A Receita, deixemos claro, não é um organismo de governo. É de Estado. Quer dizer o seguinte: seu quadro funcional tem que ficar a salvo de ingerências políticas, e alheio a lobbies. Além disso, do Fisco devem emanar as diretrizes da política tributária, que, a contragosto e sem a aquiescência dos auditores, é elaborada atualmente pela Fazenda e até mesmo pelo Palácio, sem estofo técnico para tal.
Se há alguma dúvida sobre a pouca capacidade desses organismos na seara fiscal, vamos às provas de que erraram ao implantarem medidas que, por voluntarismo (classifiquemos assim para amenizar as coisas), não renderam os benefícios alegados.
Veja-se o Refis: já em 2011, nota técnica da Receita salientava que quem a ele adere não o completa e recomenda que não seja mais adotado esse tipo de parcelamento com regalias especiais, até mesmo em respeito aos bons contribuintes. Além disso, o percentual de inadimplência do programa é alto: aproximadamente 80% dos contribuintes. Por que, então, reincidir no erro? E o que dizer àquele que honra seus débitos? Que é um tolo?
Outra decisão da qual o Fisco foi alijado e suas opiniões ignoradas: as desonerações. Desde sempre os auditores são contra, pois entendem que, da maneira como foram estruturadas, o efeito colateral mais visível é apenas o aumento dos lucros dos empresários, pois nenhum benefício foi sentido nas prateleiras dos supermercados. É preciso elaborar melhor, exigindo contrapartidas dos fabricantes, seja na redução de preço, seja na oferta de empregos.

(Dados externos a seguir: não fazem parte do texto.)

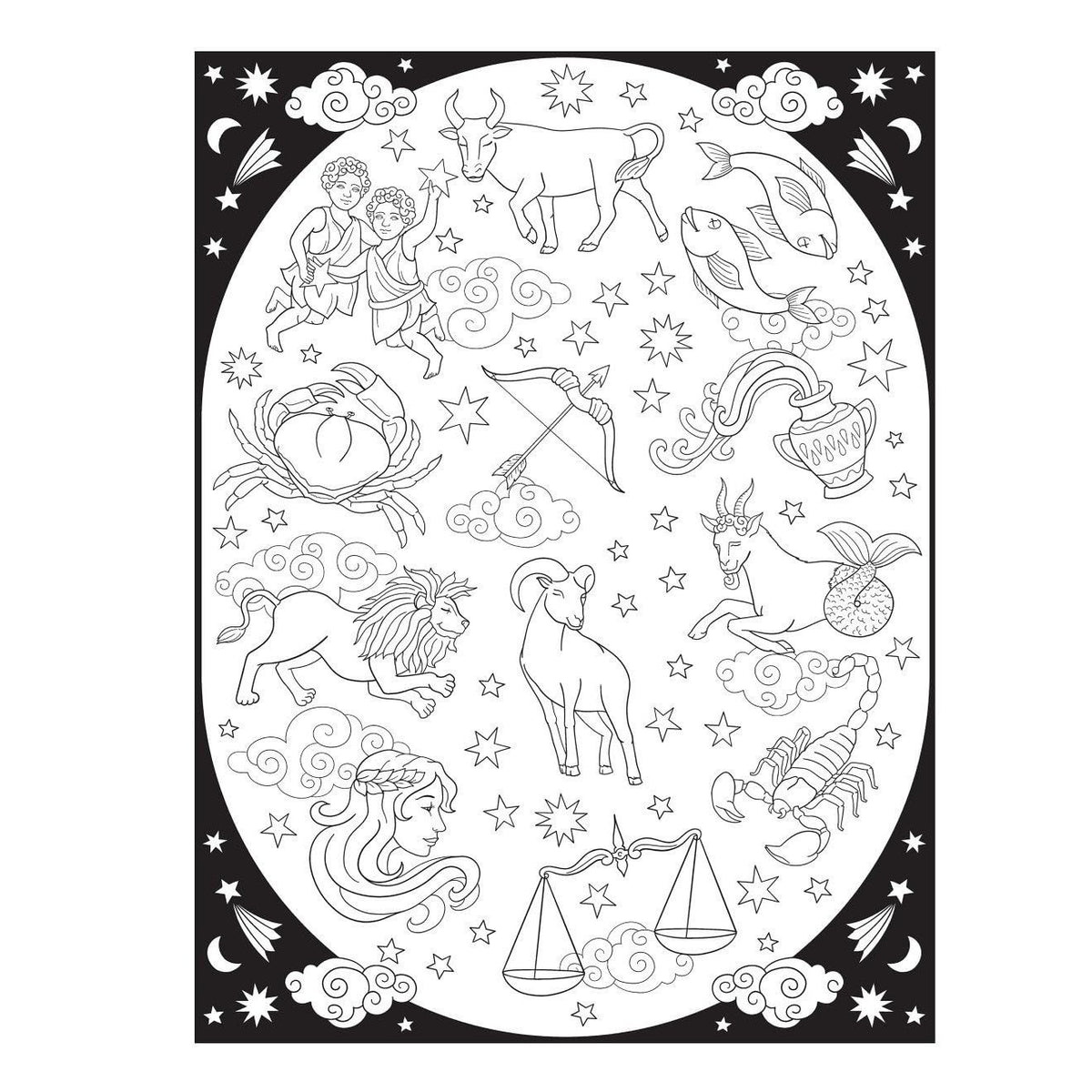 Creative Haven Astrology Coloring Book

Uma terceira? Vamos lá. A Agência Nacional de Aviação Civil (Anac) baixou determinação para que os auditores sejam revistados nos recintos alfandegados de portos e aeroportos por funcionários terceirizados. Além de inconstitucional, a medida é contraproducente. Ora, se cabe à autoridade aduaneira exercer a fiscalização, estabelecendo aquilo que entra e que sai, como exercer essa tarefa sendo vistoriado várias vezes ao dia? Os contrabandistas agradecem. O Sindifisco foi à Justiça e conseguiu suspender a medida.
Aliás, sem tanto estardalhaço como no caso da exoneração de Caio Cândido, essa foi uma das causas do pedido de exoneração do coordenador geral de Administração Aduaneira, Dario Brayner.

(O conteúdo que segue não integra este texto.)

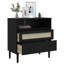 80cm Sideboard Rattan Look-93314882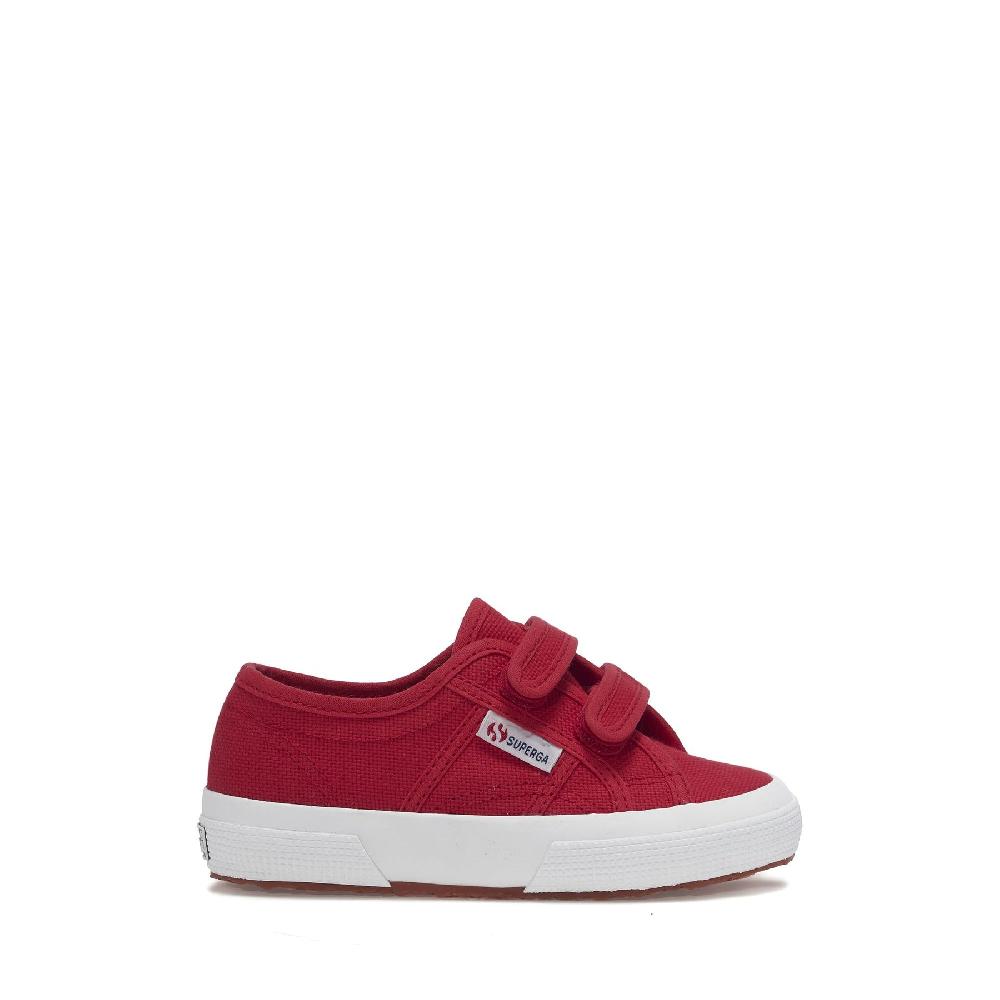 Superga 2750-COTJSTRAP CLASSICRED-WHITE In Vendita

O governo tenta fazer a orquestra seguir o baile, mas não dá; o cheiro ruim empesteia o ambiente. E tem tudo para ficar insuportável logo. Eu, o ex-subsecretário e o secretário da Receita, Carlos Alberto Barreto, fomos convidados a explicar na Comissão de Assuntos Econômicos do Senado o que acontece nos bastidores do Fisco. Será um debate interessante e proveitoso, cujo resultado tem tudo para ser favorável ao contribuinte que honra suas obrigações tributárias.